Отцом Прасковьи Александровны собрана прекрасная библиотека, где были не только романы (кстати, «Кларисса» Ричардсона), но богатое собрание исторической, научной, справочной литературы, собрания сочинений иностранных и русских авторов XVIII века; из Петербурга постоянно выписывались новинки. В доме Осиповых читали на всех европейских языках. Сама Прасковья Александровна, свободно владевшая французским и немецким, выучила и английский, присутствуя на уроках собственных детей, для которых из Англии выписали гувернантку.

Все тригорские барышни были очарованы Пушкиным, симпатизировала ему и Прасковья Александровна. «Приезжал он обыкновенно верхом на прекрасном аргамаке, – вспоминала одна из младших дочерей Прасковьи Александровны Мария Ивановна Осипова, – а то, бывало, приволочится и на крестьянской лошадёнке.

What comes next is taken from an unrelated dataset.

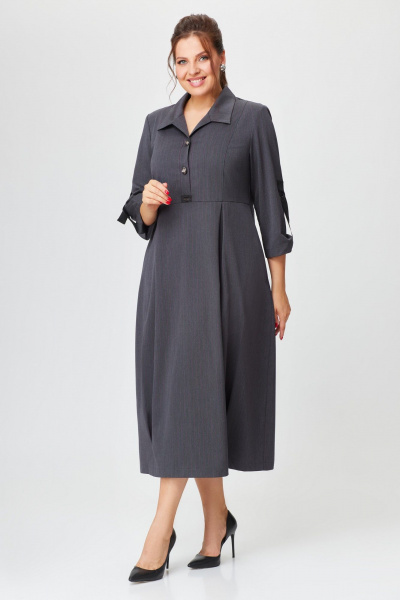 Прямое серое платье с вытачками и карманами Svetlana-Style 1755 серый - фото 1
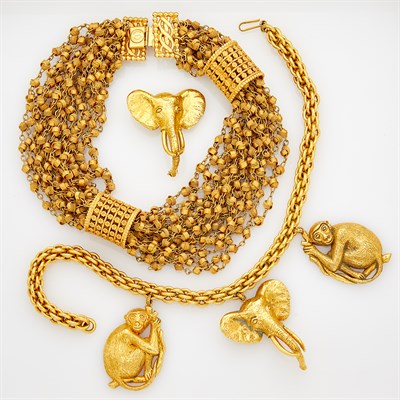 Lot 283 - Dominique Aurientis Gilt-Metal Torsade Necklace and Monkey and Elephant Motif Necklace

Бывало, все сестры мои, да и я, тогда еще подросточек, – выйдем к нему навстречу… Приходил, бывало, и пешком; подберётся к дому иногда совсем незаметно; если летом, окна бывали раскрыты, он шасть и влезет в окно… он, кажется, во всё перелазил… Все у нас, бывало, сидят за делом: кто читает, кто работает, кто за фортепиано… Сестра Alexandrine, как известно вам, дивно играла на фортепиано; её, поистине, можно было заслушаться… Я это, бывало, за уроками сижу. Ну, пришел Пушкин – всё пошло вверх дном; смех, шутки, говор так и раздаются по комнатам».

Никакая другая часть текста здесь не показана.